|At the conclusion of the second round of INISSS, which had been running for 4 years, a group of around 40 secondary teachers (Years 7 - 12) came together to discuss the features that had led to so much success for their students. They were challenged to explain how it is that using tasks in the context of learning to work like a mathematician can make such a difference to learning. Their responses are below.
Read about in INISSS in:
Tasks promote learning because:
- they allow/value/promote playing with maths.
- working together (student/student and student/teacher) is valued.
- learning is in a concrete, tactile, 3D, manipulative context.
- access is offered to all students and the problem can be taken as far as is appropriate for each student.

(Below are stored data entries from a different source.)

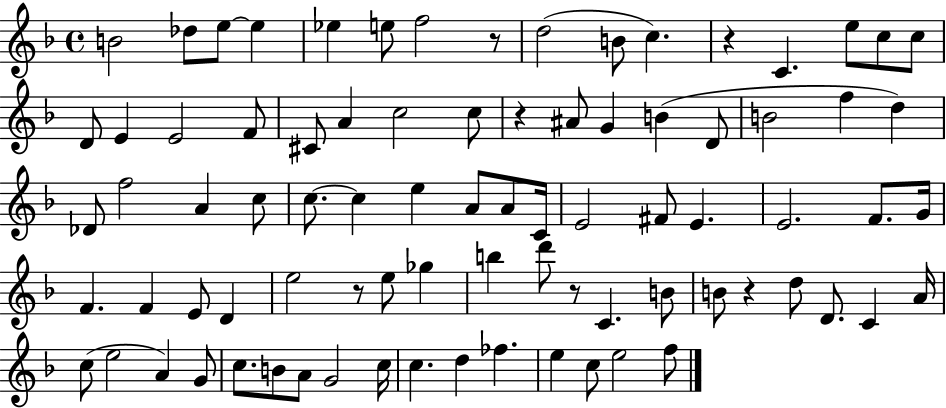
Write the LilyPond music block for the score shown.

{
  \clef treble
  \time 4/4
  \defaultTimeSignature
  \key f \major
  \repeat volta 2 { b'2 des''8 e''8~~ e''4 | ees''4 e''8 f''2 r8 | d''2( b'8 c''4.) | r4 c'4. e''8 c''8 c''8 | \break d'8 e'4 e'2 f'8 | cis'8 a'4 c''2 c''8 | r4 ais'8 g'4 b'4( d'8 | b'2 f''4 d''4) | \break des'8 f''2 a'4 c''8 | c''8.~~ c''4 e''4 a'8 a'8 c'16 | e'2 fis'8 e'4. | e'2. f'8. g'16 | \break f'4. f'4 e'8 d'4 | e''2 r8 e''8 ges''4 | b''4 d'''8 r8 c'4. b'8 | b'8 r4 d''8 d'8. c'4 a'16 | \break c''8( e''2 a'4) g'8 | c''8. b'8 a'8 g'2 c''16 | c''4. d''4 fes''4. | e''4 c''8 e''2 f''8 | \break } \bar "|."
}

- time is allowed to explore them.
- Working Mathematically provides a framework and reason for having both the skills and the conversational language of mathematics; increasingly students see the value of the precision of symbolic mathematical language.

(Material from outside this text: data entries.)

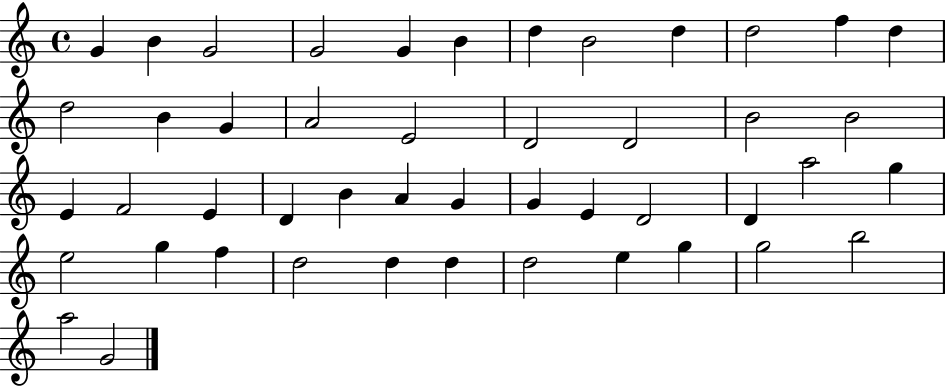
{
  \clef treble
  \time 4/4
  \defaultTimeSignature
  \key c \major
  g'4 b'4 g'2 | g'2 g'4 b'4 | d''4 b'2 d''4 | d''2 f''4 d''4 | \break d''2 b'4 g'4 | a'2 e'2 | d'2 d'2 | b'2 b'2 | \break e'4 f'2 e'4 | d'4 b'4 a'4 g'4 | g'4 e'4 d'2 | d'4 a''2 g''4 | \break e''2 g''4 f''4 | d''2 d''4 d''4 | d''2 e''4 g''4 | g''2 b''2 | \break a''2 g'2 | \bar "|."
}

- links are made to symbolic, pencil & paper maths through Toolbox Lessons.
- learning symbolic representation has concrete interpretation.

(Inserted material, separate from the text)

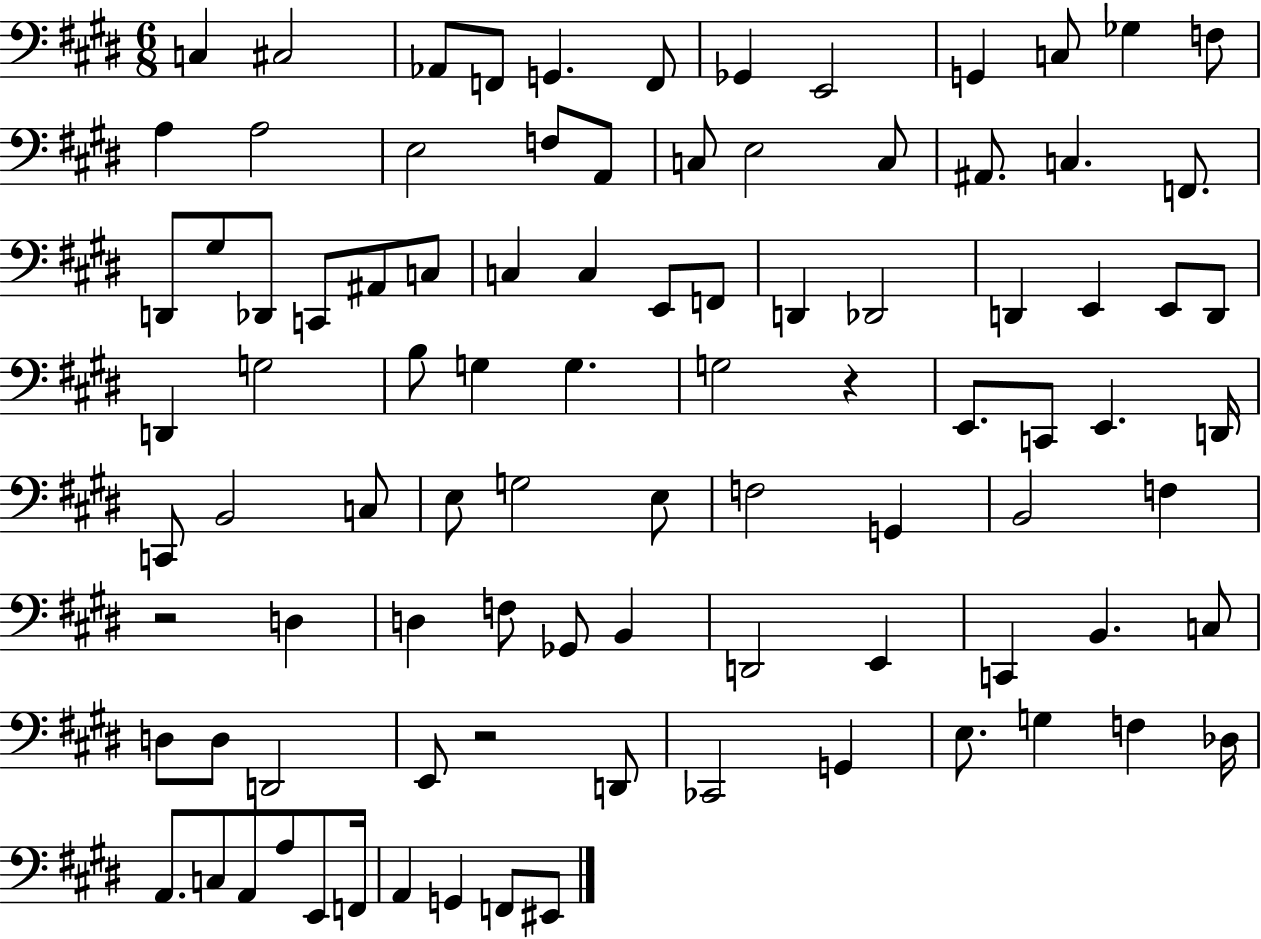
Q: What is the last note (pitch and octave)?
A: EIS2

- kids talk in kid language to help each other interpret, understand and record.
- they invoke curiosity/make you ask why; the What happens if... question is more natural in these situations.
- patience is rewarded and/or lack of success can be tolerated; we just try again another way.
- their open-ended nature is freeing; we are not necessarily working towards a particular answer or formula.
- they simultaneously develop literacy skills.
- there is potential for unintended discovery.
- they are seen as relevant in a way that a text is not.
- they offer interconnectedness across all maths curriculum areas, including processes.
- they can be revisited and pondered anew as if 'old friends'.
- the very act of a teacher using tasks changes the expected/ traditional /implied relationship between teacher and student.